During Christmas last year, “Baby It’s Cold Outside” became the center of national controversy when feminists, unable to see the nuance in the song’s flirtatious nature, deemed it a date rape anthem, which prompted a Cleveland radio station to ban the song entirely after some listeners complained it sent the wrong message in the #MeToo era. However, the song’s creator, Frank Loesser, intended it as a flirtatious song between a man and a woman on a cold winter’s night, with critics typically overlooking the part where the woman sings, “Baby it’s cold outside” in unison with her male partner, signifying that the two were always in sync. Frank Loesser’s daughter also asserted that was the case.
Surprisingly, the song has its share of defenders in feminist circles who say the song explores the conflicts sexually-free women faced in an era that frowned upon them. Persephone Magazine made this argument:
The structure of “Baby” is a back and forth conversation between the male and female singers. Every line the woman utters is answered by him, until they come together at the end of the song. When we just look at “Say, what’s in this drink,” we ignore the lines that proceed and follow this, which are what indicates to the listener how we’re supposed to read the context.
The song sets up a story where the woman has dropped by her beau’s house on a cold winter night.

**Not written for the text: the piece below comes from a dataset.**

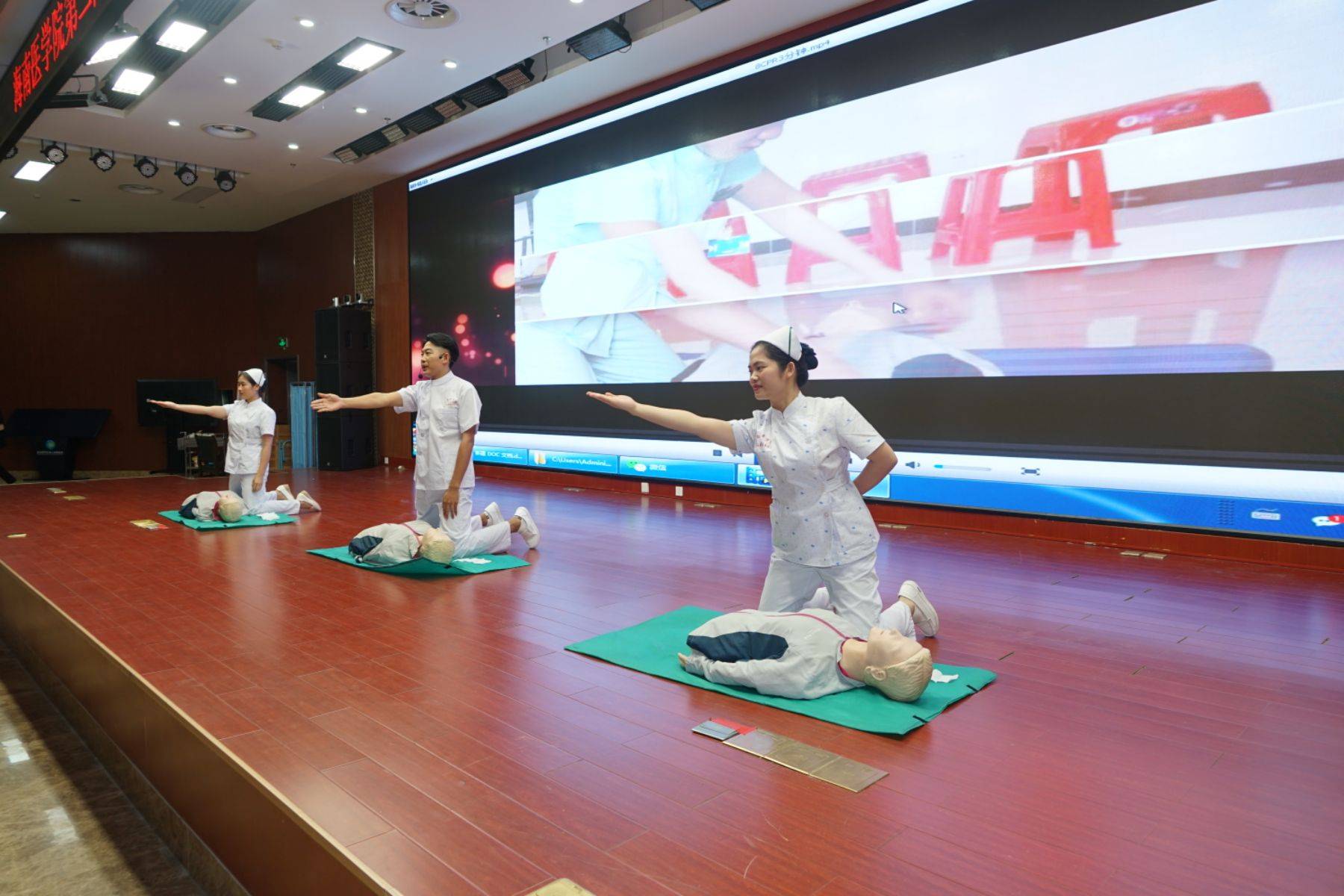 护士节护理服务创新,基层医院开展护士节活动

They talk in the first verse about how long she’s going to stay. She has “another drink” and stays longer, and then later in the evening it’s implied that she’s going to sleep over.

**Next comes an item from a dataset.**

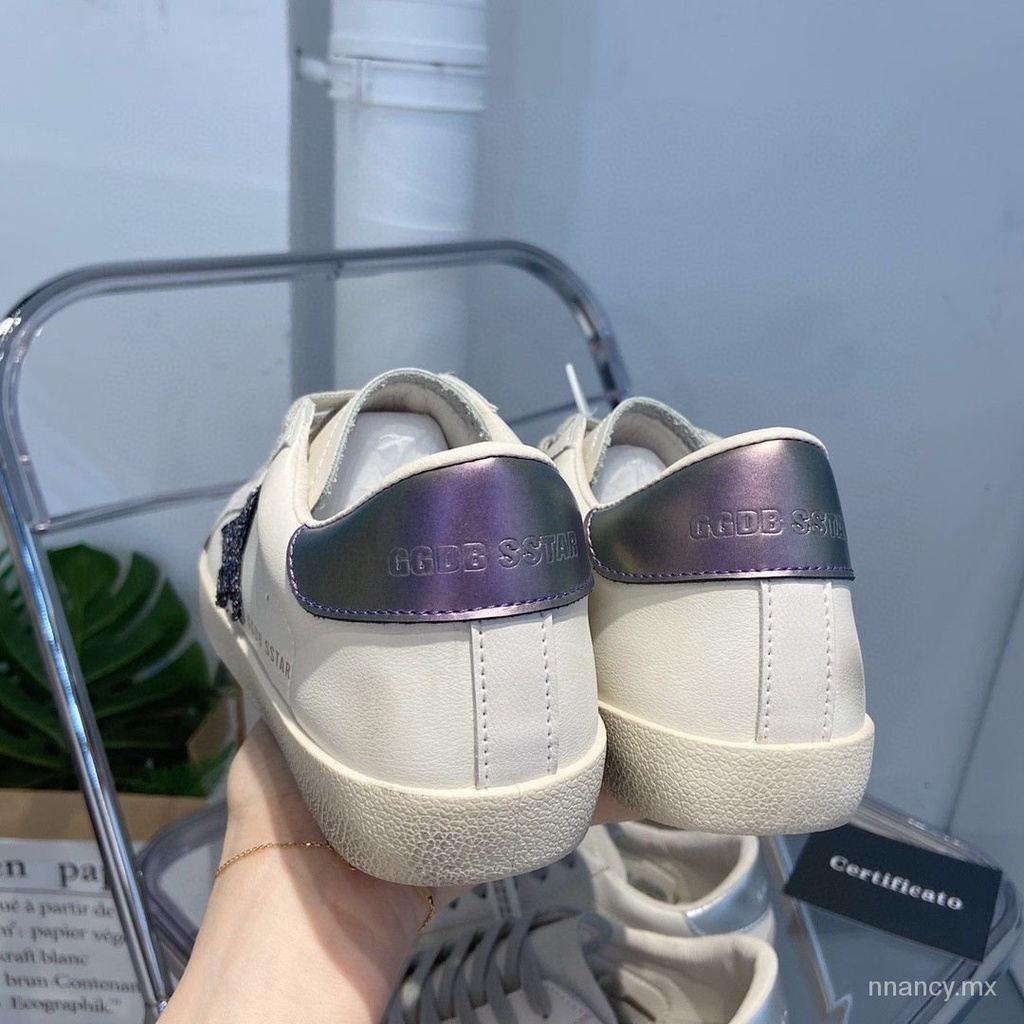 รองเท้าผ้าใบ หนังวัวแท้ ส้นแบน เพิ่มความสูง สีขาว สีทอง สไตล์เรโทร สําหรับผู้หญิง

If we look at the text of the song, the woman gives plenty of indication that she wants to stay the night. At the time period the song was written (1936), “good girls,” especially young, unmarried girls, did not spend the night at a man’s house unsupervised. The tension in the song comes from her own desire to stay and society’s expectations that she’ll go. We see this in the organization of the song — from stopping by for a visit, to deciding to push the line by staying longer, to wanting to spend the entire night, which is really pushing the bounds of acceptability. Her beau in his repeated refrain “Baby, it’s cold outside” is offering her the excuses she needs to stay without guilt.